From recognizing speech to identifying unusual stars, new discoveries often begin with comparison of data streams to find connections and spot outliers. But simply feeding raw data into a data-analysis algorithm is unlikely to produce meaningful results, say the authors of a new Cornell study. That’s because most data comparison algorithms today have one major weakness: somewhere, they rely on a human expert to specify what aspects of the data are relevant for comparison, and what aspects aren’t.
But these experts can’t keep up with the growing amounts and complexities of big data. So the Cornell computing researchers have come up with a new principle they call “data smashing” for estimating the similarities between streams of arbitrary data without human intervention, and even without access to the data sources.
Data smashing is based on a new way to compare data streams. The process involves two steps.
- The data streams are algorithmically “smashed” to “annihilate” the information in each other.
- The process measures what information remains after the collision. The more information remains, the less likely the streams originated in the same source.
Data-smashing principles could open the door to understanding increasingly complex observations, especially when experts don’t know what to look for, according to the researchers.
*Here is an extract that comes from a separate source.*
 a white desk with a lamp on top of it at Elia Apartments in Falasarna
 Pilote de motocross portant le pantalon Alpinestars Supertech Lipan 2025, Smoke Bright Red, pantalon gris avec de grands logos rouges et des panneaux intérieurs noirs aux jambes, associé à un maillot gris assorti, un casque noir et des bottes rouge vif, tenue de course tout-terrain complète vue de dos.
The researchers— Hod Lipson, associate professor of mechanical engineering and of computing and information science, and Ishanu Chattopadhyay, a former postdoctoral associate with Lipson now at the University of Chicago — demonstrated this idea with data from real-world problems, including detection of anomalous cardiac activity from heart recordings and classification of astronomical objects from raw photometry.
In all cases and without access to original domain knowledge, the researchers demonstrated that the performance of these general algorithms was on par with the accuracy of specialized algorithms and heuristics tweaked by experts to work.